BAGHDAD (AP) Two television journalists were shot dead and six anti-extremist militiamen were killed on Saturday in the latest attacks to strike Iraq.
The killings are part of the deadliest surge in bloodshed to hit Iraq in five years, raising fears that the country is falling back into the spiral of violence that brought it to the edge of civil war in the years after the 2003 U.S.-led invasion.
The reporter and a cameraman for the privately owned al-Sharqiya TV channel were shot one in the head, the other in the torso while working on a report in the northern city of Mosul, according to police. The city is a former Sunni insurgent stronghold that has been one of the hardest areas of Iraq to tame.
Al-Sharqiya identified the correspondent as Mohammed Karim al-Badrani and the cameraman as Mohammed Ghanem. It was not immediately clear why they were targeted.

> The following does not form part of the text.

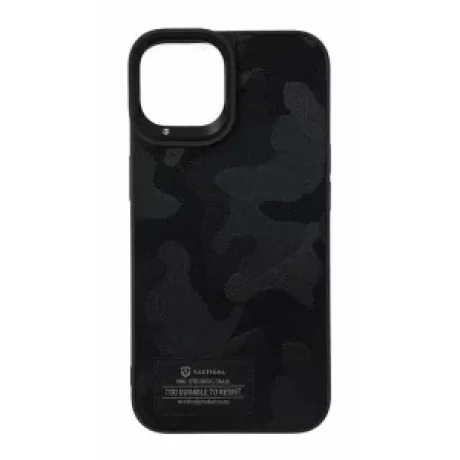 Husa iPhone 14 Pro Tactical Camo Troop Negru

Al-Sharqiya is one of several independent channels that took to the airwaves following the 2003 ouster of former dictator Saddam Hussein. It has drawn the ire of the current Shiite-led government with critical reports highlighting corruption, poor services and other shortcomings. Authorities suspended its operating license along with those of eight other Iraqi channels and pan-Arab broadcaster Al-Jazeera in April after accusing them of inflaming sectarian tensions.